:: EXERCISE ::
Copy exactly, no pictures: every line from the one that contains "Corte por un" through the end of the entries below.

★ ★ ★

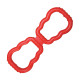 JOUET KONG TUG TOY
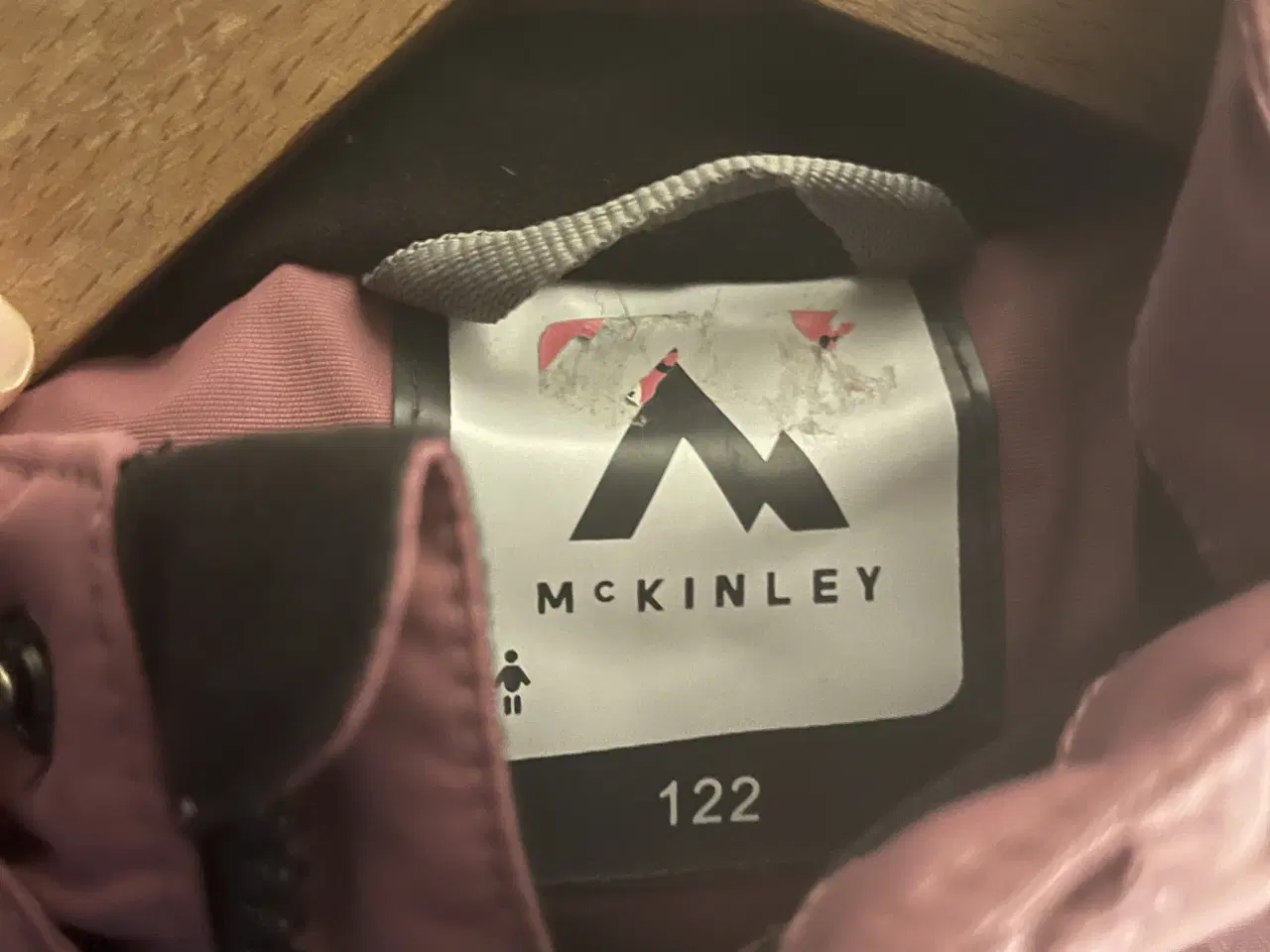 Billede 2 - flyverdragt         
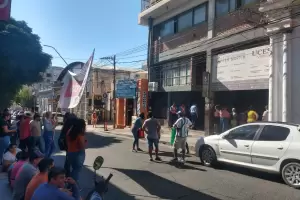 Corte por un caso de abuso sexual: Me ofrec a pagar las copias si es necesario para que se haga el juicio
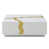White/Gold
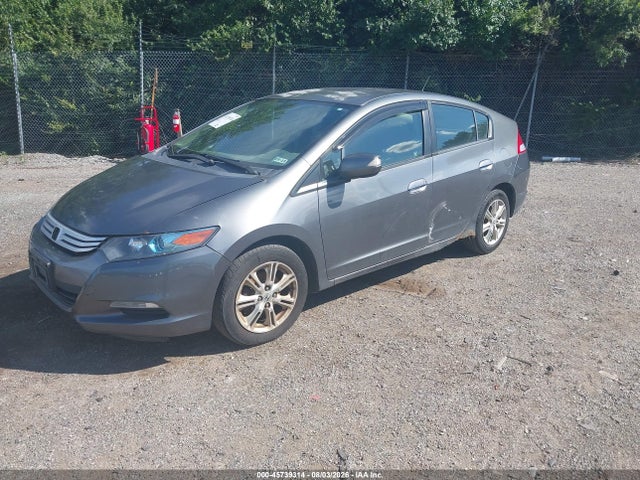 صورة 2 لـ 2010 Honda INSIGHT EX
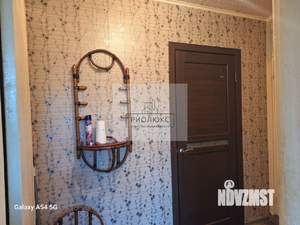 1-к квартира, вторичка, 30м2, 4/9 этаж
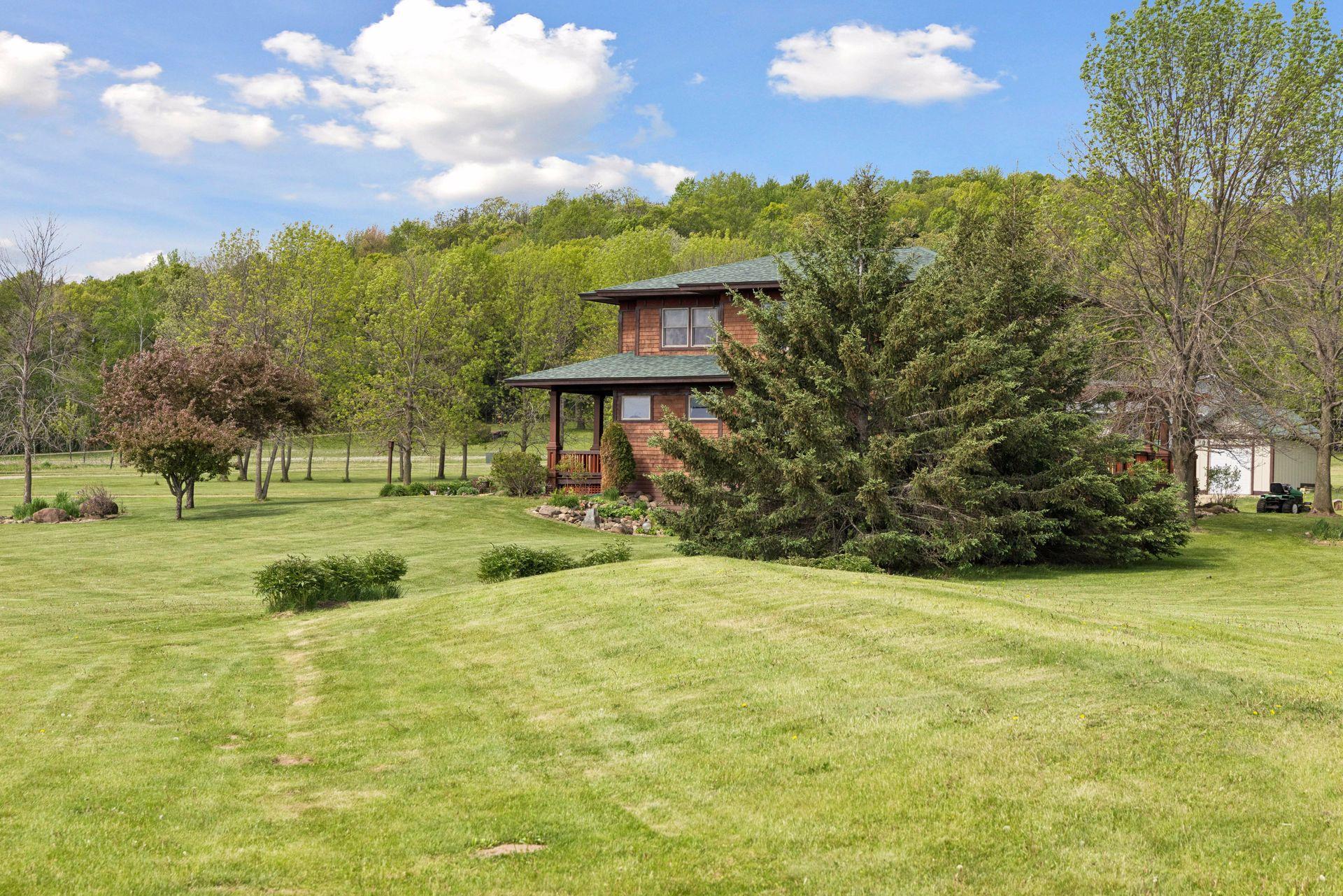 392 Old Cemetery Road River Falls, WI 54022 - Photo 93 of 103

★ ★ ★

:: EXERCISE RESPONSE ::
 Corte por un caso de abuso sexual: Me ofrec a pagar las copias si es necesario para que se haga el juicio
White/Gold
 صورة 2 لـ 2010 Honda INSIGHT EX
 1-к квартира, вторичка, 30м2, 4/9 этаж
 392 Old Cemetery Road River Falls, WI 54022 - Photo 93 of 103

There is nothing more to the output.